# WHAT YOU HAVE TO DO
Reproduce every record below exactly, without the pictures.

START GIVEN RECORDS

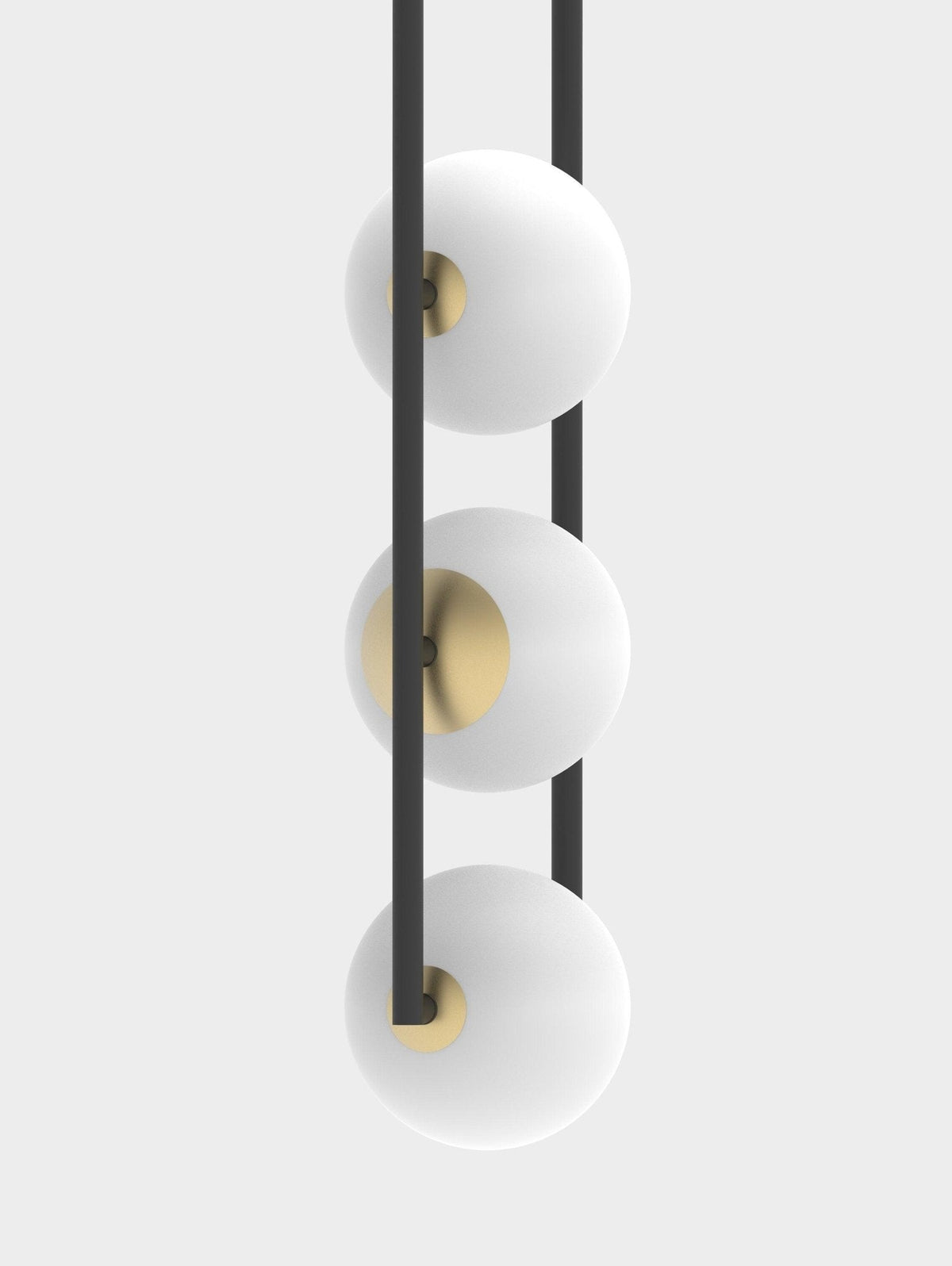 U Pendant Lamp – Modern Minimalist Glass and Iron Hanging Light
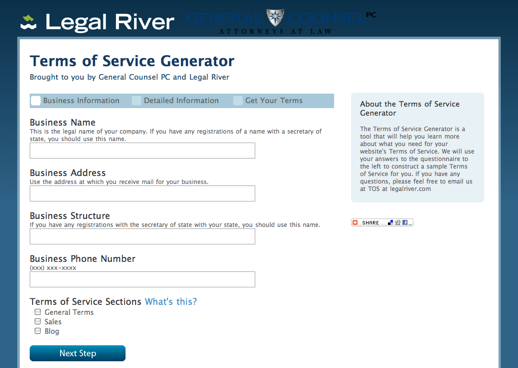 Legal River ToS Legal River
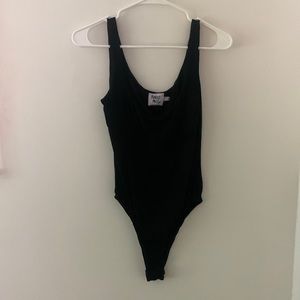 black bodysuit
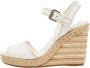 Prada Vintage Pre-owned Leather sandals White Dames - Thumbnail 1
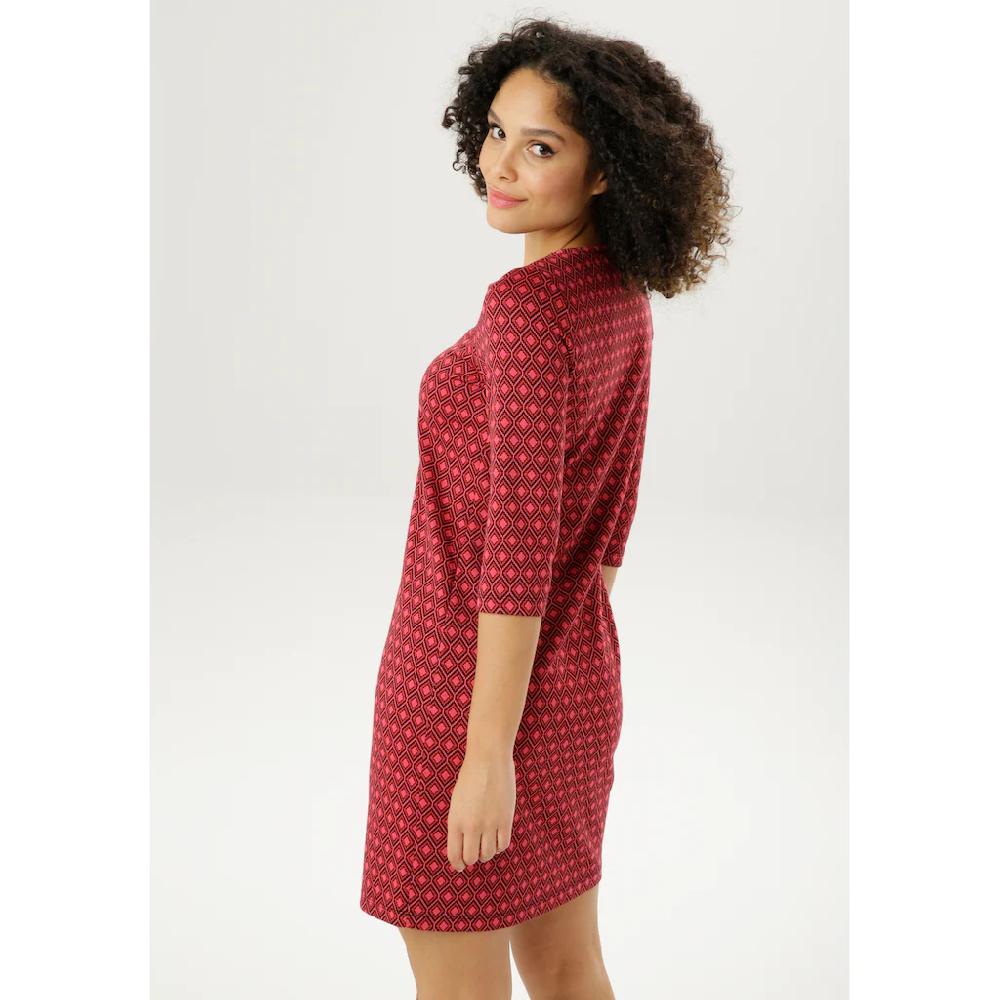 Aniston SELECTED Jerseykleid in Jacquard-Qualität Rabatte dieses Monats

END GIVEN RECORDS

# OUTPUT FOR THIS TASK
 U Pendant Lamp – Modern Minimalist Glass and Iron Hanging Light
 Legal River ToS Legal River
 black bodysuit
 Prada Vintage Pre-owned Leather sandals White Dames - Thumbnail 1
 Aniston SELECTED Jerseykleid in Jacquard-Qualität Rabatte dieses Monats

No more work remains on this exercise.